What is a False Alarm Probability (FAP)?
A False Alarm Probability quantifies the likelihood that a detected period (or signal) in your data could arise by chance, rather than representing a true periodic signal. By assessing the statistical significance of a detected period, FAPs help you differentiate between genuine periodic signals and noise.
How Does Peranso Calculate FAPs?
Peranso employs the Fisher Randomization Test to compute two complementary FAPs. This test uses a Monte Carlo Permutation Procedure (MCPP), where the observed data is repeatedly randomized, and the period analysis is recalculated for each random permutation. This process generates a distribution of periods and corresponding peak strengths that represent what would be expected under random conditions. By comparing the observed data's periodogram to this distribution, Peranso calculates the following two FAPs:
- FAP1: Represents the probability that a random permutation contains a period with a peak strength greater than or equal to the observed peak strength at any frequency. This tests the overall likelihood that the detected peak is significant, considering the entire range of frequencies analyzed. A low FAP1 value indicates that the detected period is unlikely to arise purely by chance.
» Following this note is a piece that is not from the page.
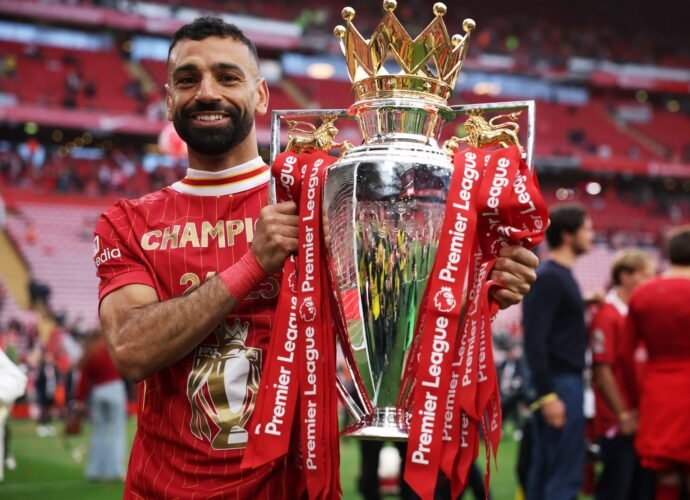 Who are Premier League title favourites: Liverpool, Arsenal, Man City, Utd? | Football News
- FAP2: Represents the probability that a random permutation contains a period with a peak strength greater than or equal to the observed peak strength at the specific frequency of the detected period. This tests the significance of the detected period at the exact frequency of interest, providing additional confirmation of its reliability. A low FAP2 value suggests that the observed period is likely to be real and not just a random result at that particular frequency.
Illustrating FAPs with an Example
To demonstrate this process, this tutorial will use a synthetic dataset consisting of random observations that lack any clear periodic signal. When Peranso analyzes this dataset:
- FAP1 will reveal the probability that a strong peak could occur anywhere in the frequency range by chance. In a random dataset, FAP1 is typically high (close to 1.0), indicating that the data lacks a significant periodic component.
- FAP2 will indicate the probability that the specific frequency of the detected period is due to chance. Since the dataset contains no true periodic signal, FAP2 will also be high (close to 1.0).
Why Use Both FAP1 and FAP2?
By combining these complementary FAPs, Peranso provides a comprehensive evaluation of period significance. FAP1 helps identify whether the dataset contains any notable periodicity, while FAP2 focuses on the reliability of the specific detected period. Together, they allow for robust decision-making when interpreting results.